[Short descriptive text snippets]
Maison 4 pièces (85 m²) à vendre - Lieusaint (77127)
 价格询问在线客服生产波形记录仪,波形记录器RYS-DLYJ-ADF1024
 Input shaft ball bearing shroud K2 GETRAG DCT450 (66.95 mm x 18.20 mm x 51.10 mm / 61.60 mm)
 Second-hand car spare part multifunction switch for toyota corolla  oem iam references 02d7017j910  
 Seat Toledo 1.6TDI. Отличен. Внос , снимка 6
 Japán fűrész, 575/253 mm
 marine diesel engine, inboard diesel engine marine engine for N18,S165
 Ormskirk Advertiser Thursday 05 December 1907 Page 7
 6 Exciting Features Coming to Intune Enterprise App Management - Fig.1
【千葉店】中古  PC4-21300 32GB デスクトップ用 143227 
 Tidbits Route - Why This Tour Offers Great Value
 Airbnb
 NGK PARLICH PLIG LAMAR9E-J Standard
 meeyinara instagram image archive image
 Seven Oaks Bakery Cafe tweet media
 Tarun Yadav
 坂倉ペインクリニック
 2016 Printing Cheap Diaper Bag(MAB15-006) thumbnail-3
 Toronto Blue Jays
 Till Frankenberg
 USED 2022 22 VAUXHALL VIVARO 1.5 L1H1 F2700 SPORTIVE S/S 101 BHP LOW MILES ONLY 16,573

**Work item**.
In full and without error, restate the data.

**Solution**.
Maison 4 pièces (85 m²) à vendre - Lieusaint (77127)
 价格询问在线客服生产波形记录仪,波形记录器RYS-DLYJ-ADF1024
 Input shaft ball bearing shroud K2 GETRAG DCT450 (66.95 mm x 18.20 mm x 51.10 mm / 61.60 mm)
 Second-hand car spare part multifunction switch for toyota corolla  oem iam references 02d7017j910  
 Seat Toledo 1.6TDI. Отличен. Внос , снимка 6
 Japán fűrész, 575/253 mm
 marine diesel engine, inboard diesel engine marine engine for N18,S165
 Ormskirk Advertiser Thursday 05 December 1907 Page 7
 6 Exciting Features Coming to Intune Enterprise App Management - Fig.1
【千葉店】中古  PC4-21300 32GB デスクトップ用 143227 
 Tidbits Route - Why This Tour Offers Great Value
 Airbnb
 NGK PARLICH PLIG LAMAR9E-J Standard
 meeyinara instagram image archive image
 Seven Oaks Bakery Cafe tweet media
 Tarun Yadav
 坂倉ペインクリニック
 2016 Printing Cheap Diaper Bag(MAB15-006) thumbnail-3
 Toronto Blue Jays
 Till Frankenberg
 USED 2022 22 VAUXHALL VIVARO 1.5 L1H1 F2700 SPORTIVE S/S 101 BHP LOW MILES ONLY 16,573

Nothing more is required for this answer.